_What the task asks_: Keep the pictures out, and restate the listing that follows exactly as written.

_Data provided_:
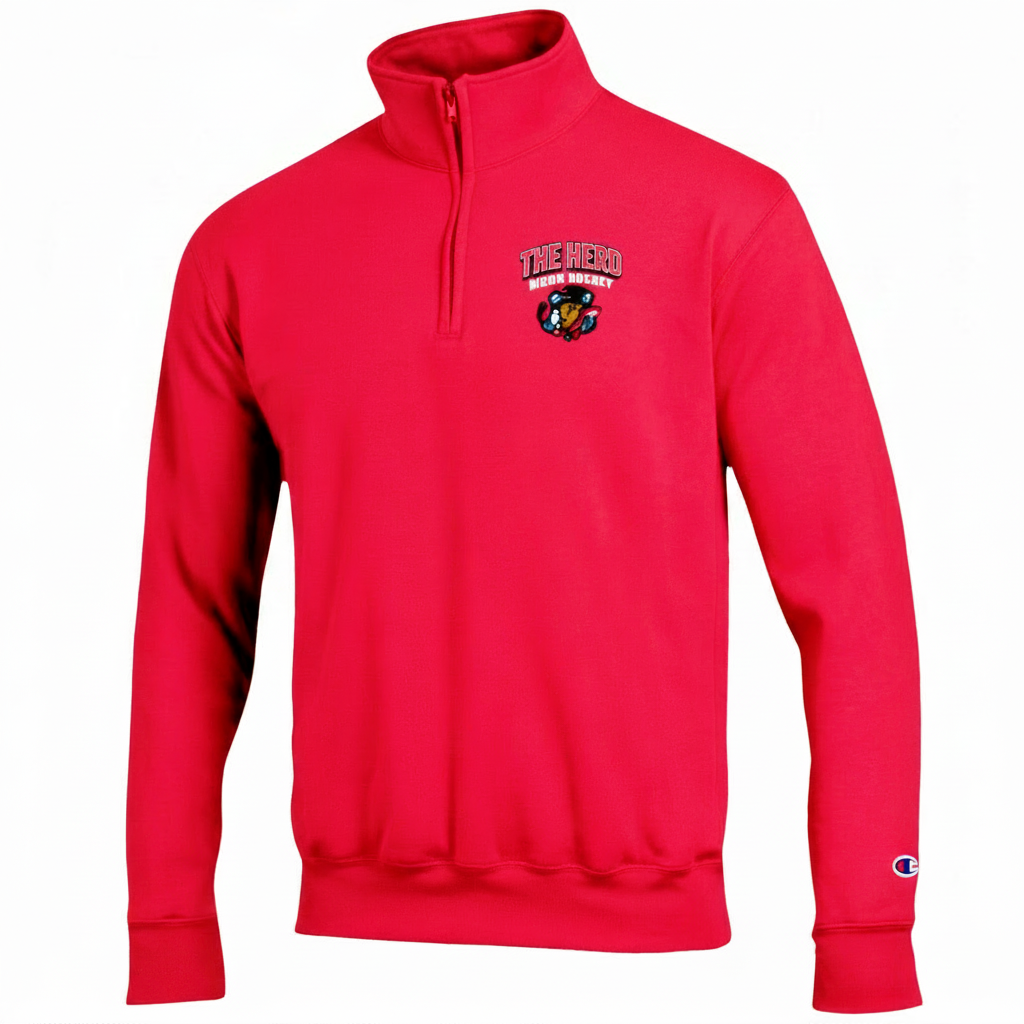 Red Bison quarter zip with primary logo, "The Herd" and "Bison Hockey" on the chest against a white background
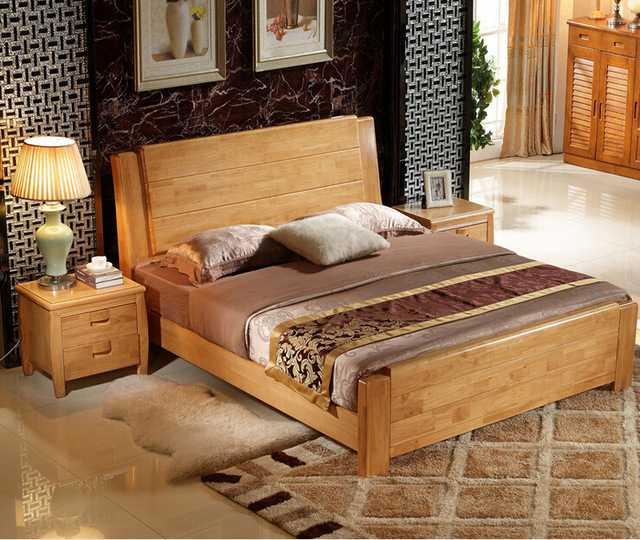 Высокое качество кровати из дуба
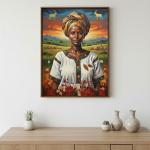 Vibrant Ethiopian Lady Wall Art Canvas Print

_Answer to the exercise_:
 Red Bison quarter zip with primary logo, "The Herd" and "Bison Hockey" on the chest against a white background
 Высокое качество кровати из дуба
 Vibrant Ethiopian Lady Wall Art Canvas Print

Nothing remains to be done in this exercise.